Our daily roundup of retirement news your clients may be thinking about.
How to guarantee an 8% return
Potential retirees have several age options to begin receiving Social Security benefits, but experts say delaying until the age of 66 to 70 instead of 62 ensures an 8% annual return on investment, according to this article from U.S. News & World Report. The most important thing to consider is that investors are able to complete the 35-year work period because benefits are based on a person's 35 highest-paid years. Shifting to a lower-paying job in the later years of a person's career will have a minimal effect on the future benefit because of the 35 -year salary criteria.
Here’s how much money clients should have saved by 30
Millennials looking to having enough for their golden years should aim to save the equivalent of their annual salary by the time their reach 30, according to this article on CNBC. That amount involves all savings, including any retirement account contributions, company matching funds, and money invest in other areas such as robo-advisers or index funds and cash savings.
I'm 60 with little saved – what do I need to do to retire?
A 60-year-old woman who earns about $80,000 annually and only has $75,000 in her retirement savings should save aggressively and look at continuing to work into her late 60s to have enough for retirement, according to this article in CNN Money.

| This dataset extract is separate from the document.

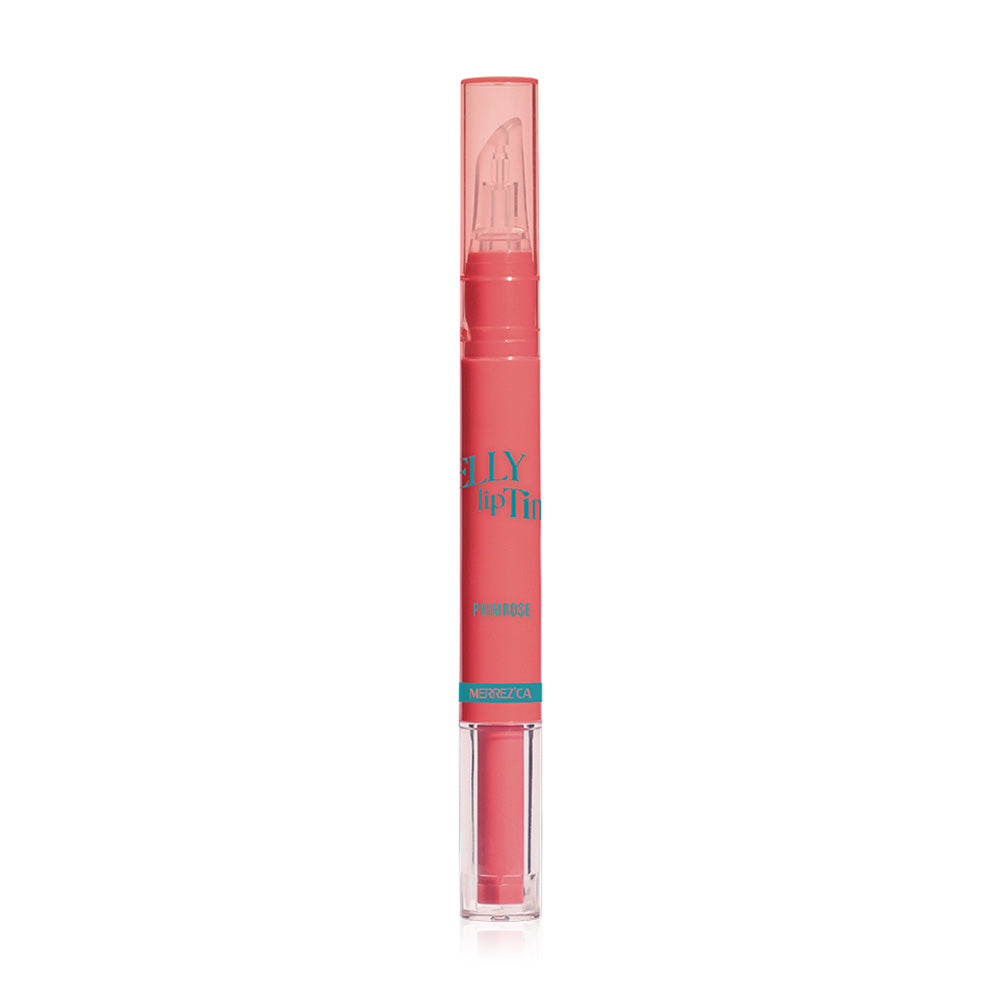 Merrezca Jelly Lip Tint - #06 Primrose Formula - Beauty Buddy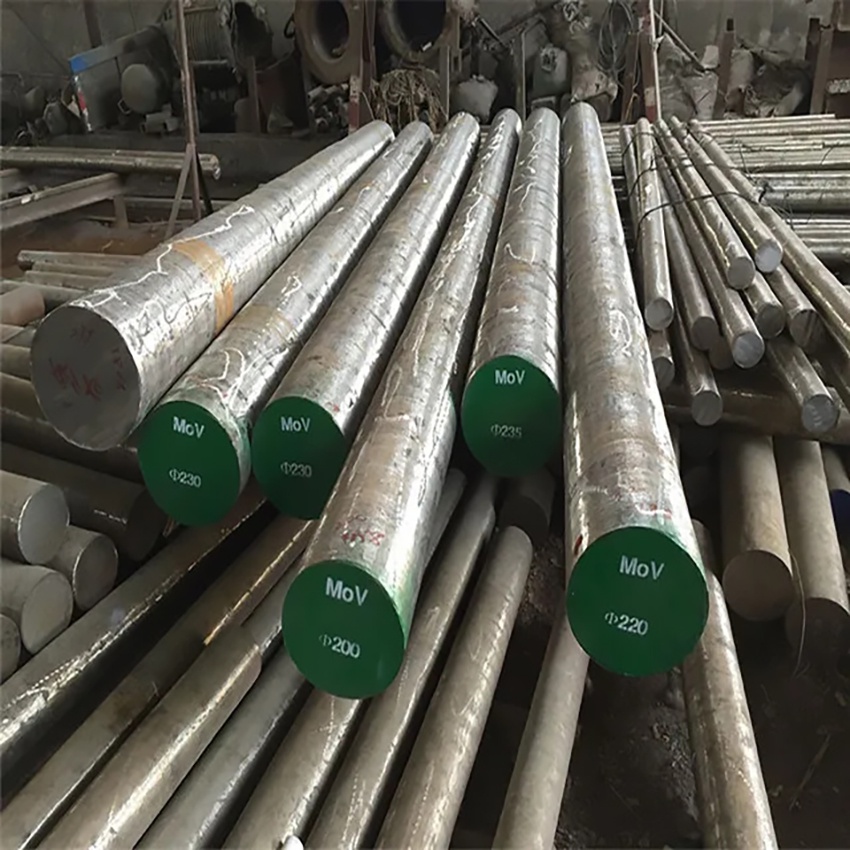 AISI/SAE 4140 Alloy Steel Bar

She should also consider downsizing her home or taking out a reverse mortgage. Working up to the age of 70 would also lead to a higher Social Security benefit owing to the act of postponing benefits as well as paying more Social Security payroll tax.
Why the traditional 401(k) is underrated
Clients need to consider several factors before switching from a traditional 401(k) plan to a Roth 401(k), according to Forbes. First, a traditional 401(k) lowers the client's current taxable income, while the Roth 401(k) can lower the client's taxable income when he or she retires, so clients should figure out the best time to pay their taxes, taking into account their tax rate and the numerous tax breaks they may no longer be eligible for in retirement. Clients should also remember that some of their income may be tax-free, which would lower their tax rate.
401(k) matches may have strings attached
Several pieces of information, such as the fact that employers sometimes impose vesting schedules on matches of employees' 401(k) contributions, would help investors make better decisions when investing in their retirement plans, according to MarketWatch. Clients also need to know that sometimes their employer's match only applies to 50% of some or all of their contribution, making the employer's true match lower than their own contribution. Employer matches are also not enough for a secure future in retirement, so they should consider enrolling in a retirement account and setting aside more than 10% of their yearly salary.